===== Data block

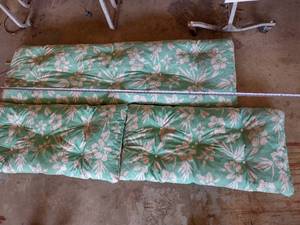 lot 32 image: Outdoor Furniture Cushions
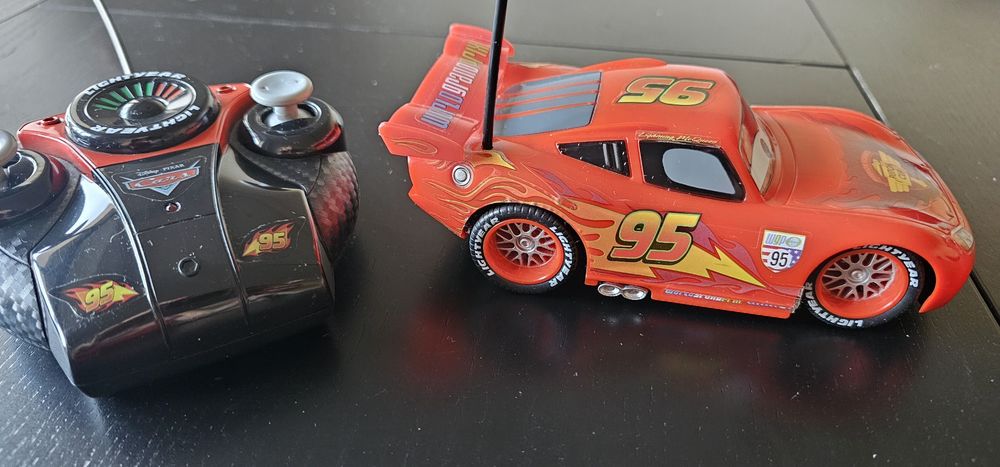 Carrinho controlo remoto Lightining Mcqueen comprado na Disney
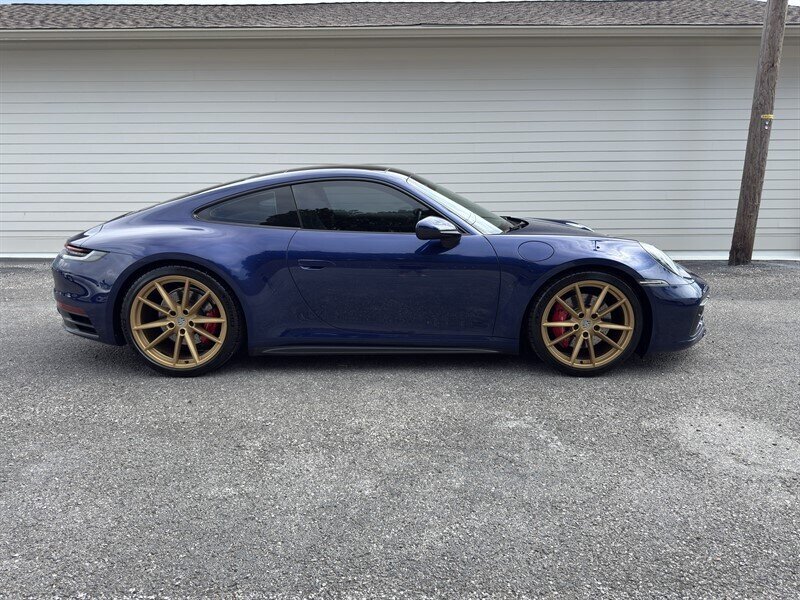 2020 Porsche 911 Carrera S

==========

◆ Exercise brief:
Output the full listing above exactly, excluding all pictures.

◆ Response to the exercise:
 lot 32 image: Outdoor Furniture Cushions
 Carrinho controlo remoto Lightining Mcqueen comprado na Disney
 2020 Porsche 911 Carrera S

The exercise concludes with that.